New McAfee Study – Teenagers Confidence In Staying Safe Online Misplaced

image McAfee Inc., a well known provider of antivirus software and intrusion prevention solutions, has just released its most recent research data on the behavior of young people, while using the Internet.

The Youth Online Behavior Study, of 1,357 young people between the ages of 10 and 17 in the United States, conducted in May of this year, reinforces previous McAfee studies which indicated that teenagers have misplaced confidence in their ability to stay safe online.

While ninety-five percent of teenagers say they are confident they can remain safe online, survey results show a wide chasm exists between the perception, and the reality.

One of the more harmful urban myths, continually perpetuated by security providers, including McAfee, despite their own evidence to the contrary is – we have raised, or are raising a “tech savvy” generation.

I find the dichotomy to be just slightly less than bizarre. It’s little wonder that most parents believe it. This “truth” however, should not be taken at face value.

Simply because a teenager is more comfortable with technology than a parent, does not makes a teenager tech savvy. Knowing how to text message, or load a game onto an Xbox, does not make one “tech savvy”. It really is a situation where “they don’t know what they don’t know”, can have serious impact.

The following selected statistics from the McAfee study offer substantial proof:

More than one quarter (27%) of teens online had accidently allowed their home computer to become infected with a virus or other malware.

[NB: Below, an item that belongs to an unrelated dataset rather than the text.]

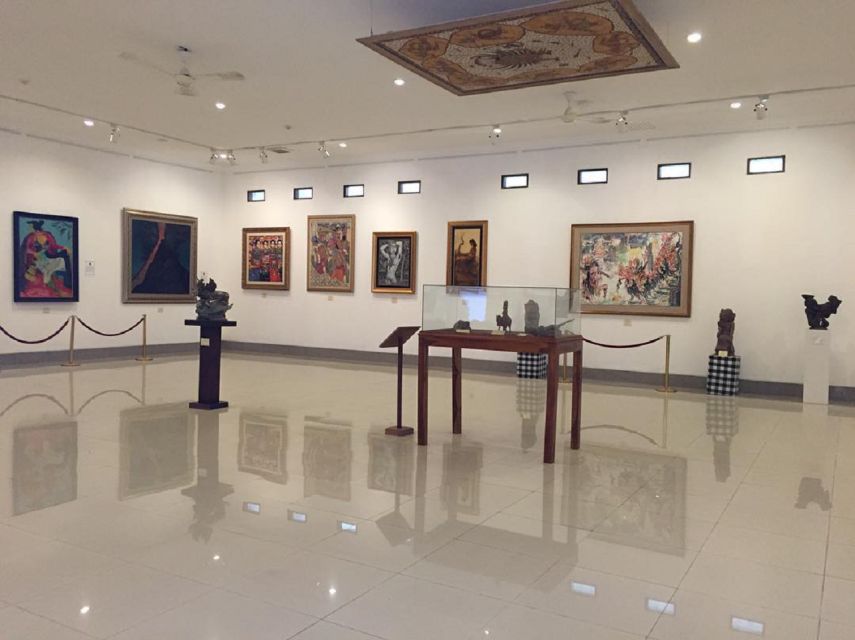 Nusa Dua: Museum Pasifika Admission Ticket with Audio Guide - Hanoi-trained artists and a wider Asian connection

One in four kids (25%) report that they wouldn’t know what to do if they were bullied or harassed online.

More teens also admit to giving their cell phone numbers to someone online whom they don’t know in the offline world (12% this year, compared to 8% in 2008).

One quarter (25%) of girls—including 43% of girls ages 16 to 17—admit to chatting online with people they do not know.

Girls are also more likely than boys to get harassed online, share their passwords with friends, give a description of what they look like to strangers, and share photos of themselves.

Boys are more likely to download programs without their parents’ knowledge.

69 percent of 13- to 17-year-olds have included their physical locations on the social networking status updates

16 per cent of the teenagers involved in the McAfee study, indicated they had developed social networking profiles and Email addresses, which they had hidden from their parents.

I found the most surprising and troubling statistic to be; 31 percent of those surveyed stated that they’d change their behaviors if their parents monitored their online behaviors.

You can read the full report, in PDF format, here.

It’s reasonable to state, based on accumulated evidence, that the majority of teenagers, are undereducated when it comes to recognizing the dangers, and threats, that the Internet poses to their personal privacy and safety.

So, if you’re a parent, the following are just some of the questions you should consider:

  1. What social networking sites does your child subscribes to?
  2. Who are their online friends and acquaintances?
  3. What does your child post online and where is it posted?

Most importantly, you and your teenagers need to agree, that the following guidelines will be adhered to. That they will –

Never arrange a face-to-face meeting with someone they met on- line.

Never upload (post) pictures of themselves onto the Internet or an on-line service to people they do not personally know.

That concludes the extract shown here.